── EXTRACTED INFORMATION

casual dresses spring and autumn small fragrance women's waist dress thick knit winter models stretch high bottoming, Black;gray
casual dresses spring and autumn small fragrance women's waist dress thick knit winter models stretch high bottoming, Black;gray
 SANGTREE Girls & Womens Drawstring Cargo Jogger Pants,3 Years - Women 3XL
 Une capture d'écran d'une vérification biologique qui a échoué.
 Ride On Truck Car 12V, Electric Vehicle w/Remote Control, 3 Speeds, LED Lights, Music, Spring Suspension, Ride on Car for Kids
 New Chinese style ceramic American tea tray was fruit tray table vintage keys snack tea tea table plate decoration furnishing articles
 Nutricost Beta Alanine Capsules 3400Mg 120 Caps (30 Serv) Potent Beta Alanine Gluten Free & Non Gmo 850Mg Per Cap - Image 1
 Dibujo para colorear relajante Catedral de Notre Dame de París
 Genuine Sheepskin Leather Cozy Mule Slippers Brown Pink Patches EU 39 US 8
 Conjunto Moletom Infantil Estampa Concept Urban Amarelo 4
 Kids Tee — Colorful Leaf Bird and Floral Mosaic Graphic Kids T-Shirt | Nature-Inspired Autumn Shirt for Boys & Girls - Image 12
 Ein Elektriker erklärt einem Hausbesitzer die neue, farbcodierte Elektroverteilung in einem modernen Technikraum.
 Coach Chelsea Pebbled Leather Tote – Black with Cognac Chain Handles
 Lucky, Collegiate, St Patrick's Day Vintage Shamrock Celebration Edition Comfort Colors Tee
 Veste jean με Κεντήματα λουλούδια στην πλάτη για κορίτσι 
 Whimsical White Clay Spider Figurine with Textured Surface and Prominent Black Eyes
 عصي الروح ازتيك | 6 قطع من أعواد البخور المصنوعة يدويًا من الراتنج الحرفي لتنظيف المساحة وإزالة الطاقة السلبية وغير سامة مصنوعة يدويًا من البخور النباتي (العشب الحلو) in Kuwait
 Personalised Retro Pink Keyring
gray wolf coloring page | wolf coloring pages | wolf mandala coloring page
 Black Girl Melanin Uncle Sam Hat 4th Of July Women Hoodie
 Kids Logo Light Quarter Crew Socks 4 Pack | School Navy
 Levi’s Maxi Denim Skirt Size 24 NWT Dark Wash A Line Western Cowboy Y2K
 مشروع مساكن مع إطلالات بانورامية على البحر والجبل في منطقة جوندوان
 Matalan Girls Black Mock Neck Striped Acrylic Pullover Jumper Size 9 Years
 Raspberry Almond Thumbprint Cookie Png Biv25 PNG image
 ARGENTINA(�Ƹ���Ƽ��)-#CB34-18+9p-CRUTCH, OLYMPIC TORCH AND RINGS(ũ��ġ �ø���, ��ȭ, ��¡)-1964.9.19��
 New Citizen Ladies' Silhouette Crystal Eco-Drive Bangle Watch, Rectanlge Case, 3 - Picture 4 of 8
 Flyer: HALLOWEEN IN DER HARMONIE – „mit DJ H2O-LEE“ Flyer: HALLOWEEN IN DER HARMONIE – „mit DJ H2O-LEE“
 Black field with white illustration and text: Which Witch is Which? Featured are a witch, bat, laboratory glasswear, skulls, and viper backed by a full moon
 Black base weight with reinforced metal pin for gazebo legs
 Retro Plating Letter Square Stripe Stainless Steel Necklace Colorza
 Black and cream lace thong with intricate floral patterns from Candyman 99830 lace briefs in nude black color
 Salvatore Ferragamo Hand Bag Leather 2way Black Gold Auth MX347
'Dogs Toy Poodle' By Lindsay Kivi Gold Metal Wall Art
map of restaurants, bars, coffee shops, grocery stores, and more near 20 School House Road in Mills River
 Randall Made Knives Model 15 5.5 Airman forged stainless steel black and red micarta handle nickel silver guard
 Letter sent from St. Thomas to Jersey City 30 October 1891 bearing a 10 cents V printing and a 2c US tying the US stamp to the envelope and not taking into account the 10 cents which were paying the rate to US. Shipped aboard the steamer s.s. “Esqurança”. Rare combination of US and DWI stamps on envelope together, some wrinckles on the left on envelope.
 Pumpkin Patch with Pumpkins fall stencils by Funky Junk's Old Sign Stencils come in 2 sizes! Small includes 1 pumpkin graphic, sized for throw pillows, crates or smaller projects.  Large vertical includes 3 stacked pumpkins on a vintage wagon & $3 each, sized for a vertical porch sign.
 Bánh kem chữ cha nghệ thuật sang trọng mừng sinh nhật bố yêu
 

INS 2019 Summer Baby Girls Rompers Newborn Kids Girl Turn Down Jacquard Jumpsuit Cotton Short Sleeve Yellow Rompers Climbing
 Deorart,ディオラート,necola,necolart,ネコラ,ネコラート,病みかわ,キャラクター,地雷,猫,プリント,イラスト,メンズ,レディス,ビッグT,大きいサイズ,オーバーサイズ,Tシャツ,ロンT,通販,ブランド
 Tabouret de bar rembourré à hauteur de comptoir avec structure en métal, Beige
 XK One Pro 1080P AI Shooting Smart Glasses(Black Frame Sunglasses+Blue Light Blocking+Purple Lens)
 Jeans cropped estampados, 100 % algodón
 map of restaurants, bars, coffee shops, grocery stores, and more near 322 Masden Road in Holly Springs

────

* PROBLEM REQUIREMENTS:
Using only the listing above, restate exactly the lines from the line containing "Whimsical White Clay" through the line containing "Randall Made Knives", both included.

* YOUR SOLUTION:
 Whimsical White Clay Spider Figurine with Textured Surface and Prominent Black Eyes
 عصي الروح ازتيك | 6 قطع من أعواد البخور المصنوعة يدويًا من الراتنج الحرفي لتنظيف المساحة وإزالة الطاقة السلبية وغير سامة مصنوعة يدويًا من البخور النباتي (العشب الحلو) in Kuwait
 Personalised Retro Pink Keyring
gray wolf coloring page | wolf coloring pages | wolf mandala coloring page
 Black Girl Melanin Uncle Sam Hat 4th Of July Women Hoodie
 Kids Logo Light Quarter Crew Socks 4 Pack | School Navy
 Levi’s Maxi Denim Skirt Size 24 NWT Dark Wash A Line Western Cowboy Y2K
 مشروع مساكن مع إطلالات بانورامية على البحر والجبل في منطقة جوندوان
 Matalan Girls Black Mock Neck Striped Acrylic Pullover Jumper Size 9 Years
 Raspberry Almond Thumbprint Cookie Png Biv25 PNG image
 ARGENTINA(�Ƹ���Ƽ��)-#CB34-18+9p-CRUTCH, OLYMPIC TORCH AND RINGS(ũ��ġ �ø���, ��ȭ, ��¡)-1964.9.19��
 New Citizen Ladies' Silhouette Crystal Eco-Drive Bangle Watch, Rectanlge Case, 3 - Picture 4 of 8
 Flyer: HALLOWEEN IN DER HARMONIE – „mit DJ H2O-LEE“ Flyer: HALLOWEEN IN DER HARMONIE – „mit DJ H2O-LEE“
 Black field with white illustration and text: Which Witch is Which? Featured are a witch, bat, laboratory glasswear, skulls, and viper backed by a full moon
 Black base weight with reinforced metal pin for gazebo legs
 Retro Plating Letter Square Stripe Stainless Steel Necklace Colorza
 Black and cream lace thong with intricate floral patterns from Candyman 99830 lace briefs in nude black color
 Salvatore Ferragamo Hand Bag Leather 2way Black Gold Auth MX347
'Dogs Toy Poodle' By Lindsay Kivi Gold Metal Wall Art
map of restaurants, bars, coffee shops, grocery stores, and more near 20 School House Road in Mills River
 Randall Made Knives Model 15 5.5 Airman forged stainless steel black and red micarta handle nickel silver guard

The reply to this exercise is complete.